News and Events
Did You Know?
2013 marks significant anniversaries that will be commemorated at UMass Amherst:
January 1st marks the 150th Anniversary of the Emancipation Proclamation
August 27th marks the 50th Anniversary of the passing of W.E.B. Du Bois
2013: 110th Anniversary of the publication of The Souls of Black Folk
2013: 40th Anniversary of the completion of the Du Bois Library building
Save The Date
Du Bois in Our Time
September 27-28, 2013 (Fine Arts Center, UMass Amherst)
In commemoration of the 50th anniversary of the passing of W.E.B. Du Bois and the 150th anniversary of the Emancipation Proclamation, artists and scholars gathered at UMass Amherst in September, 2013, to dialog about Du Bois in preparation for a major modern art exhibition and symposium on campus next fall at the University Museum of Contemporary Art (UMCA), “Du Bois in Our Time. “ The project brings world-renowned scholars and artists together in conversation to broaden our understanding of Du Bois’ continued influence on the issues of our time, such as social justice; women’s rights; higher education; the arts, race and identity; environmentalism; and political action. Du Bois in Our Time website
Du Bois Library Fellowship Awards
As part of the Du Bois Center’s mission to support scholarship emanating from the life and teachings of W.E.B. Du Bois, the UMass Amherst Libraries are pleased to announce the 2013 Fellowship recipients Horace D. Ballard Jr, Emahunn Raheem Ali Campbell '16G, and Daniel Chard '11G, '17G. Learn more about these scholars, their work and the Du Bois Fellowships.
What's New in Special Collections and University Archives (SCUA)?

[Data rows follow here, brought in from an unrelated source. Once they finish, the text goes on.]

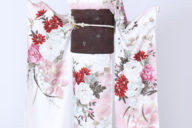 四日市店　F1803　白地 ピンク・赤・白の桜・牡丹・百合・紫陽花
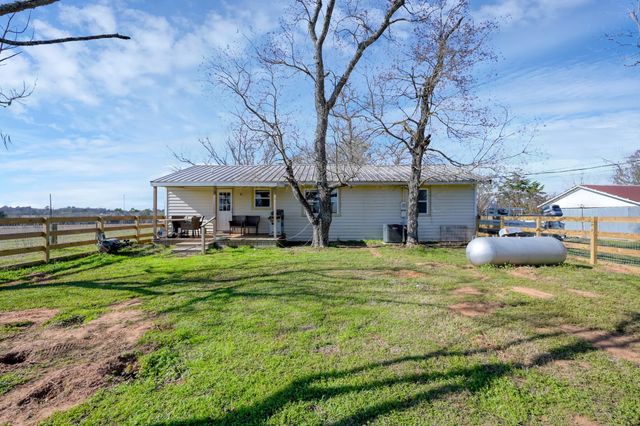1232 County Road 1805, Crockett, TX 75835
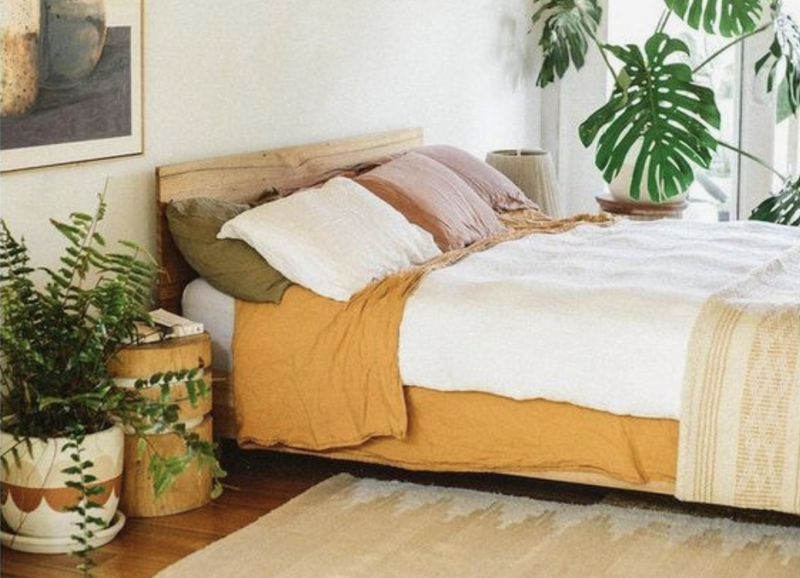 Geel in de slaapkamer, zo stijlvol kan dit zijn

SCUA is constantly adding new material to their digital repository, CREDO. This summer, the entire Horace Mann Bond collection of photographs, correspondence, and subject files from his time as a professor at Fisk University to his tenure as president of Lincoln University will be available digitally for the first time, thanks to a grant from the National Historical Publications and Records Commission. In addition, new correspondence, speeches, poetry, pageants, plays, fables and pamphlets from our Du Bois Collection will continue to be uploaded to CREDO.

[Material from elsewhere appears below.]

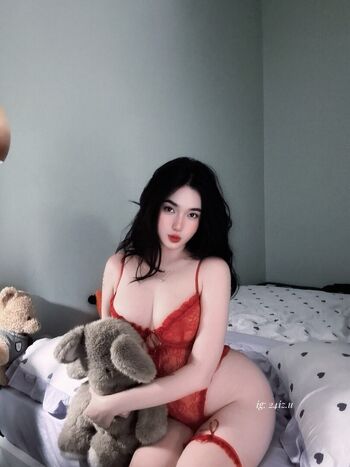 Full leaked Ununneee private onlyfans photo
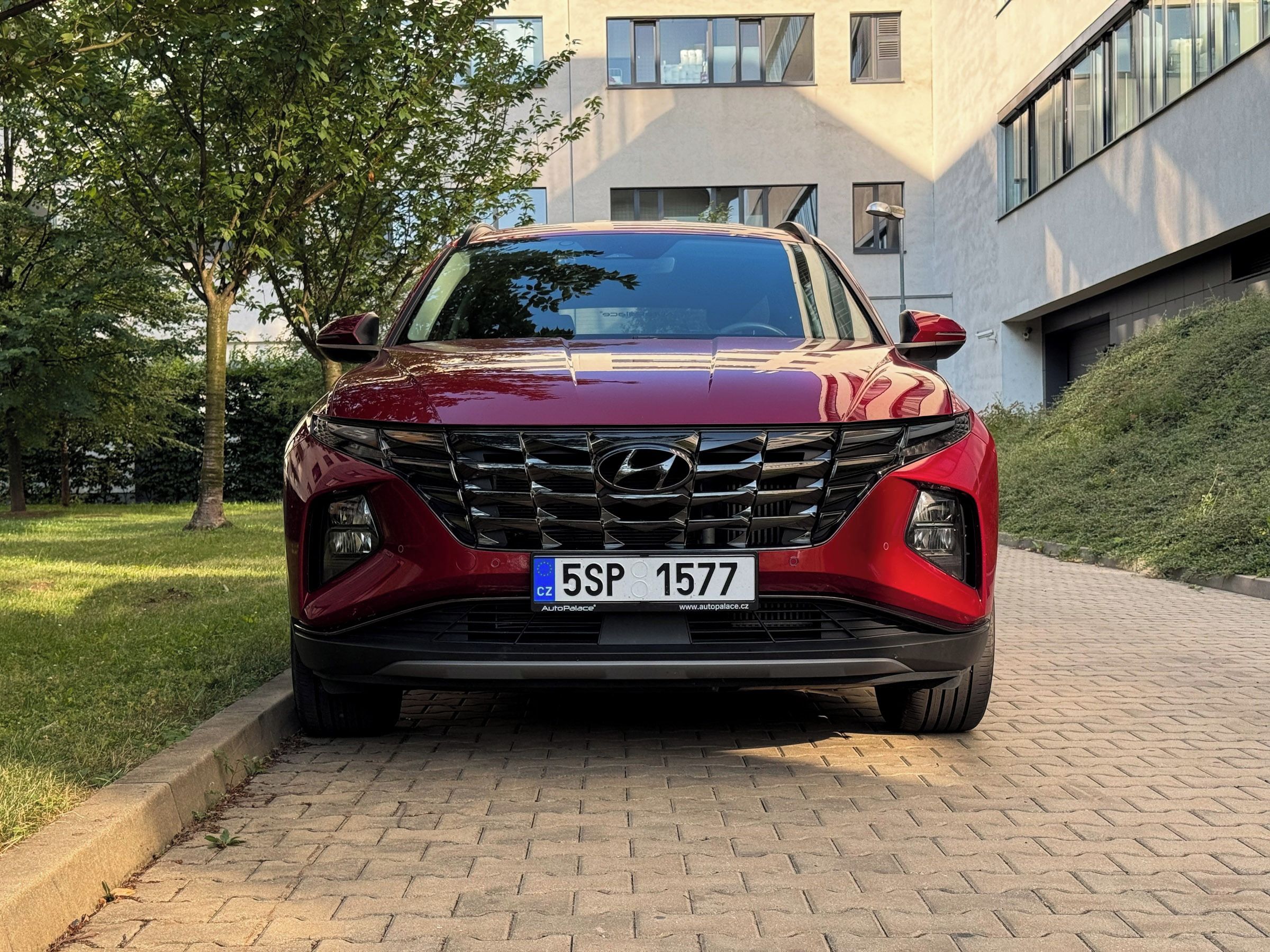 Hyundai Tucson, 1.6 T-GDI MHEV 132 kW DCT 4x4 - fotka 2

Du Bois Center Profiles: Samantha Davis
Samantha Davis is a 2nd year doctoral student in the political science department at UMass Amherst, where she works on black political thought, comparative blackness and diaspora studies, and issues related to identity, subjectivity, and difference both historically and today. Her work has largely been inspired and influenced by the work of W.E.B. Du Bois, among other leading black intellectuals, whose interdisciplinary outlook on scholarship motivates Davis to continually work to expand the boundaries of what is deemed political by incorporating art, literature, and culture into her analyses. She has been working with the Du Bois Center for a year. Contact Samantha
Spring Semester 2013
The Life of W.E.B. Du Bois: Its Relevance to Today
19th Annual Du Bois Lecture
Guest speaker: Arthur McFarlane II
Tuesday, February 26, 2013, 4pm, Du Bois Library, UMass Amherst
Tuesday, February 26, 2013, 10am, St. John's Congregational Church, 643 Union St., Springfield, MA
Arthur McFarlane II, W.E.B. Du Bois’s great grandson, has spent most of his life working in public health with the Colorado Department of Heath and Environment where he focuses on health disparities. McFarlane tours extensively giving talks on Du Bois’s legacy and its impact on society today.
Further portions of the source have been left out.